■ **Work to complete**
Pictures in the entries below are excluded; copy only the lines from the one containing "Hey guys, thanks" to the one containing "I can't believe", both included.

+---+

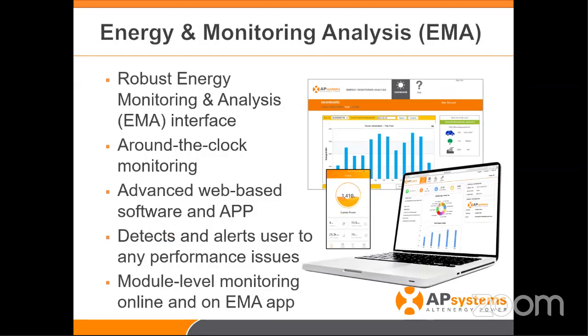All of this leads up to what we call our online portal or EMA. All the information — the reliability between the inverters and the gateway, the gateway to the internet — all leads to the EMA. Having this EMA is so powerful because so much information is right at your fingertips, either on your mobile phone or your computer. The computer version is even better because there's just so much information. We'll do a live demo and show you where some of this information is available.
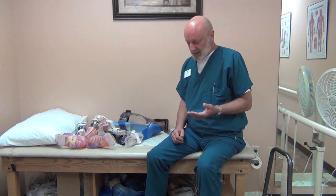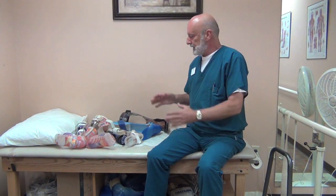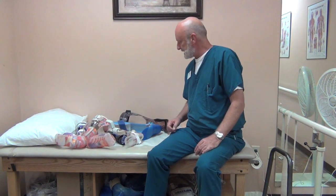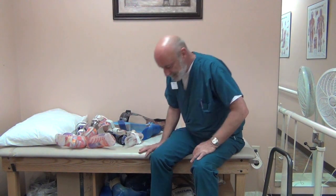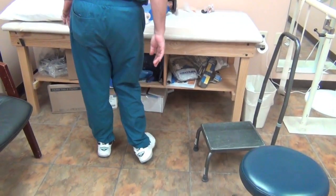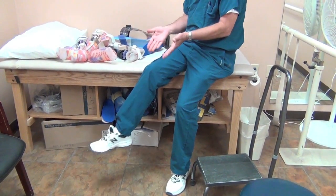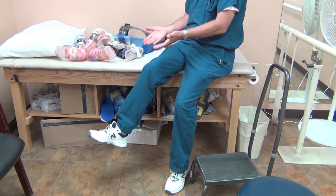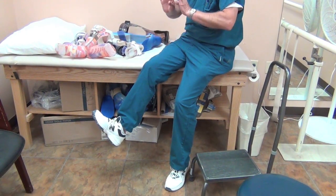When it comes to AFOs — ankle foot orthoses — meaning you have deficits affecting ankle motion and strength, there are a myriad of designs. Basically, you design the brace based on the deficit. We're talking about medial-lateral or side-to-side instabilities, and also dorsiflexion and plantar flexion. Dorsiflexion is the motion of the foot and toes coming up; plantar flexion is the toes going down or pushing off.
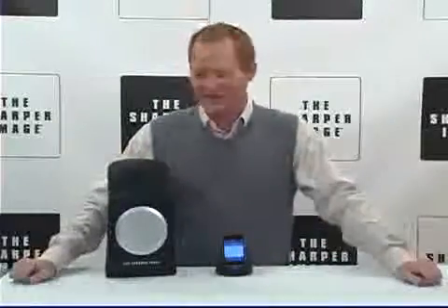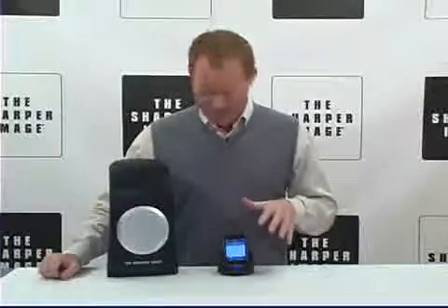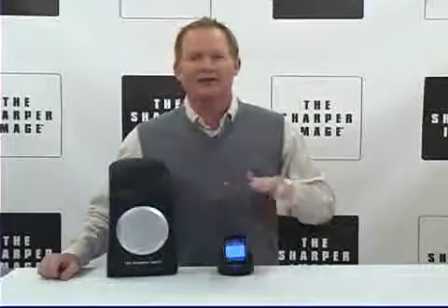I'm David from Sharper Image enjoying my indoor outdoor wireless speaker. You can use this 150 feet away and it wirelessly transmits. It's got dynamic full range sound. You can be outside while this is inside — set your playlist in advance and then be outside enjoying the party. It's water resistant.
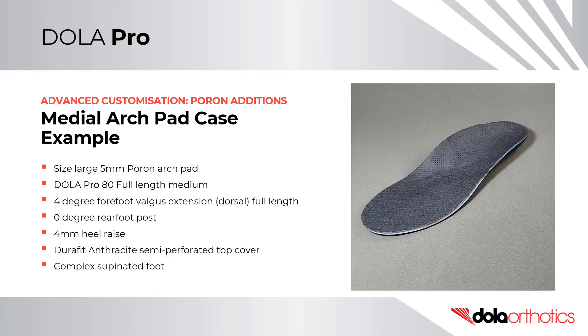In the fourth case example, a size large Poron 5mm arch pad was placed on the 80 medium density full length orthotic shell in a size medium. The prescription was completed with a 4-degree forefoot valgus extension dorsal addition full length, a 4mm EVA heel raise, and an anthracite Durafit semi-perforated top cover. This patient required additions to promote function in multiple planes in a complex flexible supinated foot, demonstrating how a prefabricated orthotic shell can be customized to create a highly individualized orthotic.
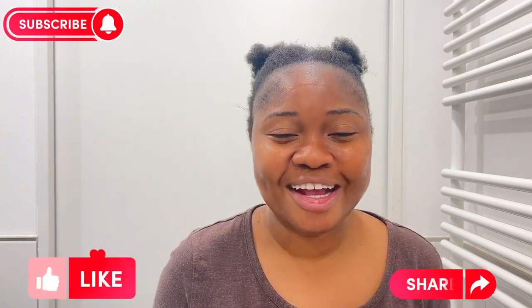Hi guys, welcome to my channel! My name is Tammy and I'm a lifestyle travel YouTube content creator. If it's your first time here, thank you for stopping by — please subscribe to my channel, like my videos, share and comment. Today, as you can see, my hair is very bad and I'm excited because I want to relax my natural hair today, and I'm just trying to film the process. I hope it does not end in tears!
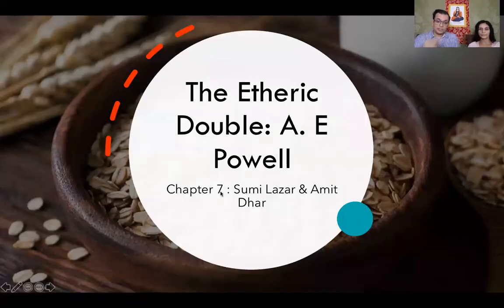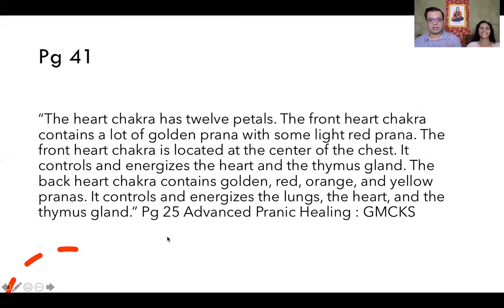The heart chakra — the front heart has gold and a little bit of red. You need red for proper functioning of the circulatory system. The front heart is located in the center and controls the heart and thymus. The back heart contains gold, red, orange, and yellow prana — orange is probably required to charge the lungs to expel carbon dioxide, and red to strengthen the physical heart muscle. The heart is the terminating point — that's why when you do Twin Hearts that's where divine energy terminates. As you continue doing Twin Hearts the chakra will slowly get upgraded.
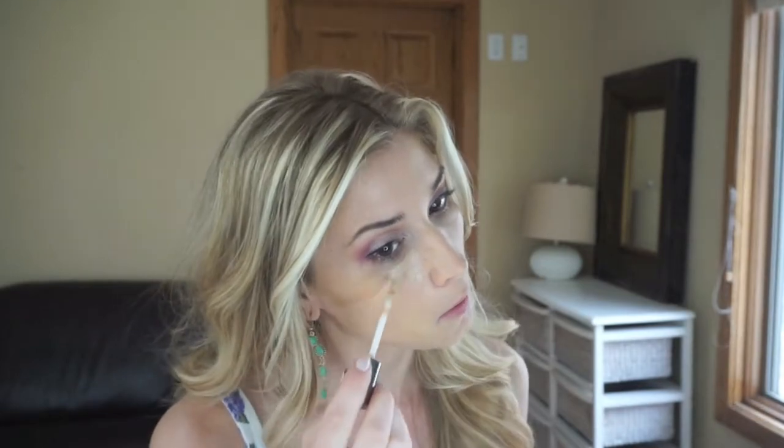Once I'm finished with that, I am going to go back in with my Naked Skin Concealer. I love this concealer — I've been using it a lot lately because it's so nice and lightweight. I'm just going to conceal my under eye area, the center of my face, down the bridge of my nose, above my cupid's bow, on the sides of my nose, and a little bit on the chin. I'm again going to take my beauty blender, wet it with a little bit of Fix Plus, and press the product into the skin. Then I'll go back in with my YSL powder and press that under the under eye area to set it.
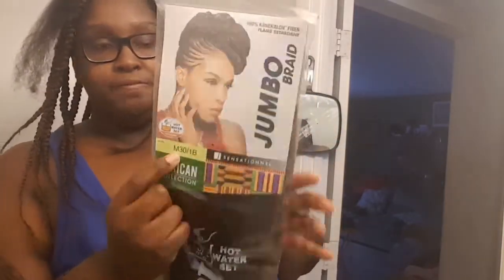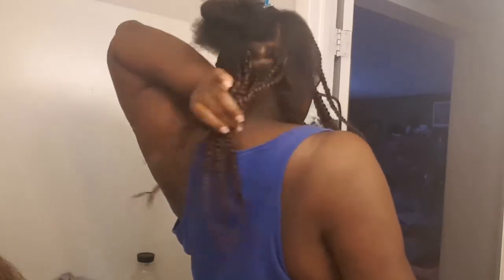Good morning y'all. Happy Saturday. I am working on these jumbo braids right now, and I am using this Hair African Collection Jumbo Braid 1B30. This is where I made some color. I just wanted to come in and show you guys how I'm doing this.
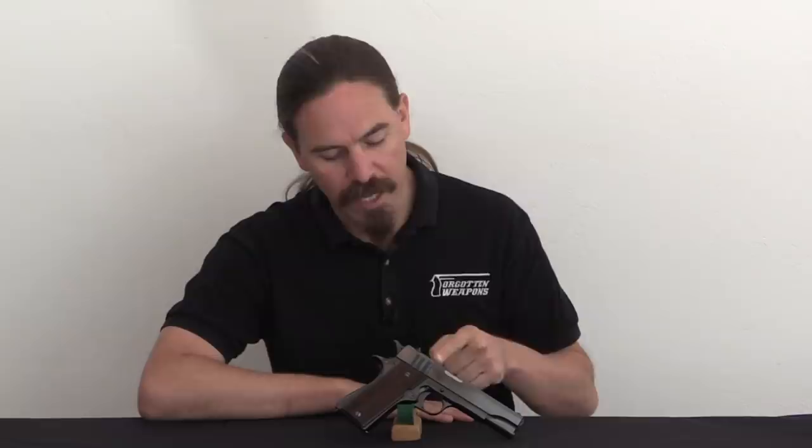Hey guys, thanks for tuning in to another video on ForgottenWeapons.com. I'm Ian McCollum, and today, courtesy of Ozark Machine Gun, we have a very cool Ballister Molina pistol to take a look at.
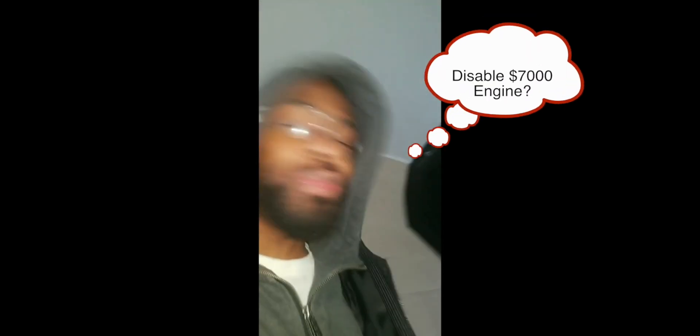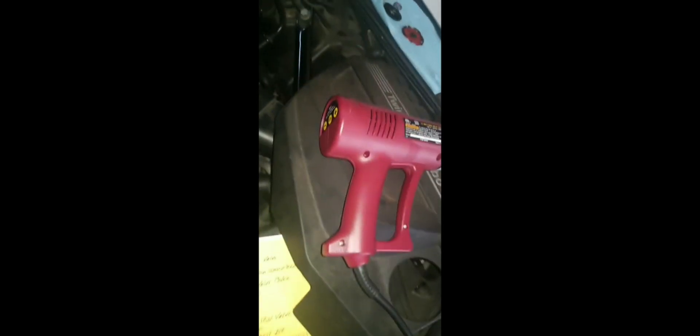I can't believe I'm about to do this, but what I'm basically gonna do is cut an X into here for my grinder. I originally thought the whole valve cover was molded as one piece, but I realized this is just a plastic weld, so I use my heat gun, heat up the edge.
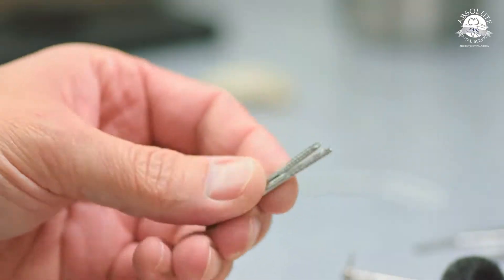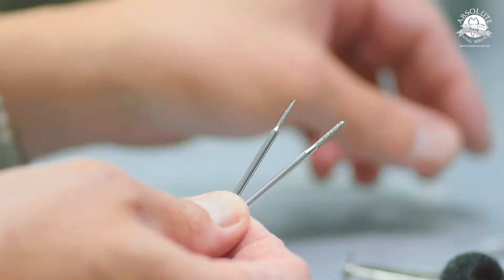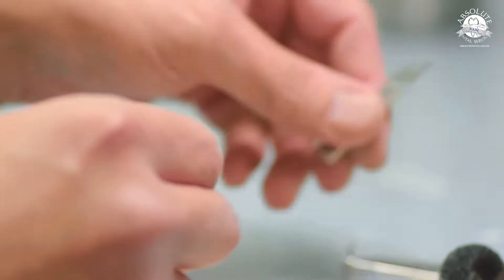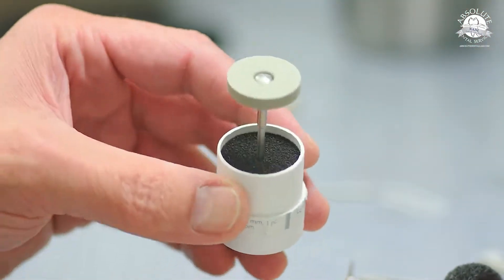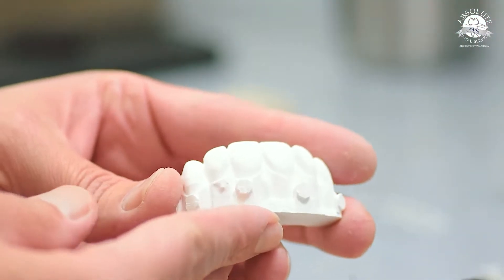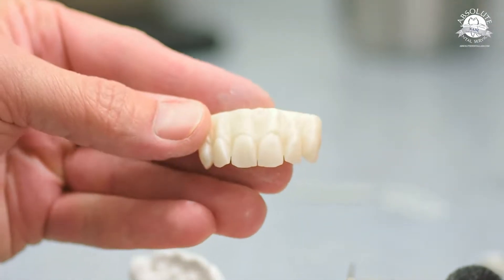These are going to be the two carbides I use — I'll put the item numbers up for all of these at the end of the video. H42R: a flame and a taper. This is HP Dent Yellowstone — this will do a great job if you do have to adjust post-sinter. You don't want to create any heat, and this will reduce without creating heat. This is a six-unit case I use quite often for courses and lecturing. We're going to green stage finish it to get a great result.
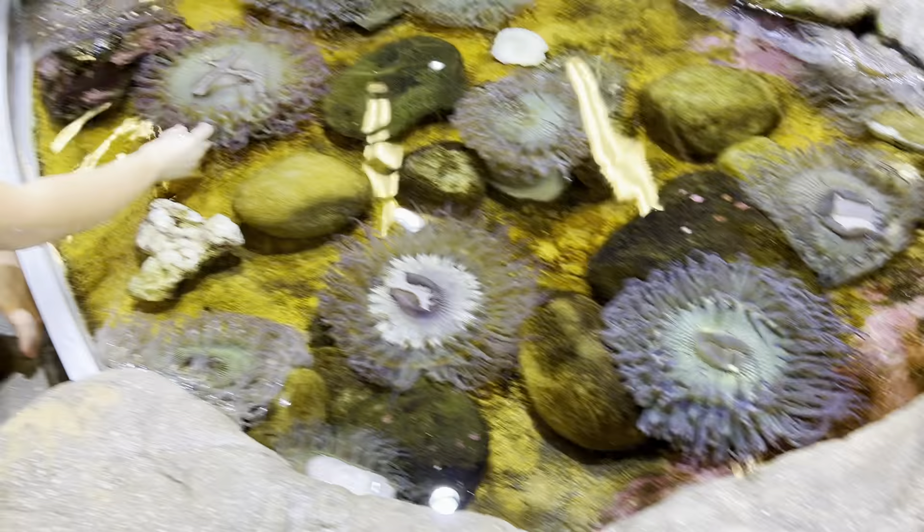The abalone are a type of marine snail, even if they don't look like your average land snail. They used to be super common around here.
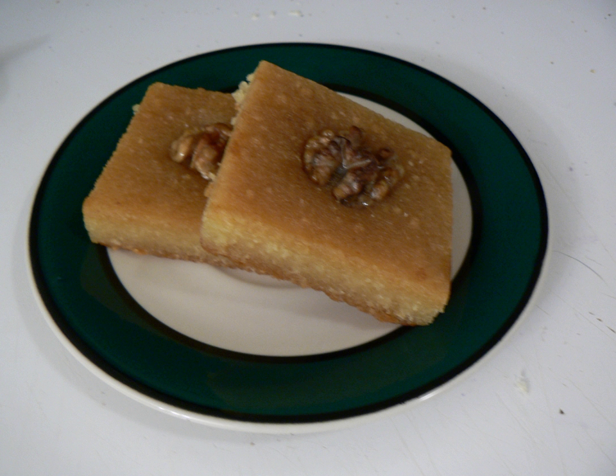The semolina cake is featured in Arab cuisine, Turkish cuisine, Greek cuisine, Armenian cuisine, Israeli cuisine, and many others. It is called Basbusa in Arabic and Shamali in Armenian. The Persian name for the cake, Rivani, has also entered the Greek and Turkish languages.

+---+

■ **Your response**
Hey guys, thanks for tuning in to another video on ForgottenWeapons.com. I'm Ian McCollum, and today, courtesy of Ozark Machine Gun, we have a very cool Ballister Molina pistol to take a look at.
I can't believe I'm about to do this, but what I'm basically gonna do is cut an X into here for my grinder. I originally thought the whole valve cover was molded as one piece, but I realized this is just a plastic weld, so I use my heat gun, heat up the edge.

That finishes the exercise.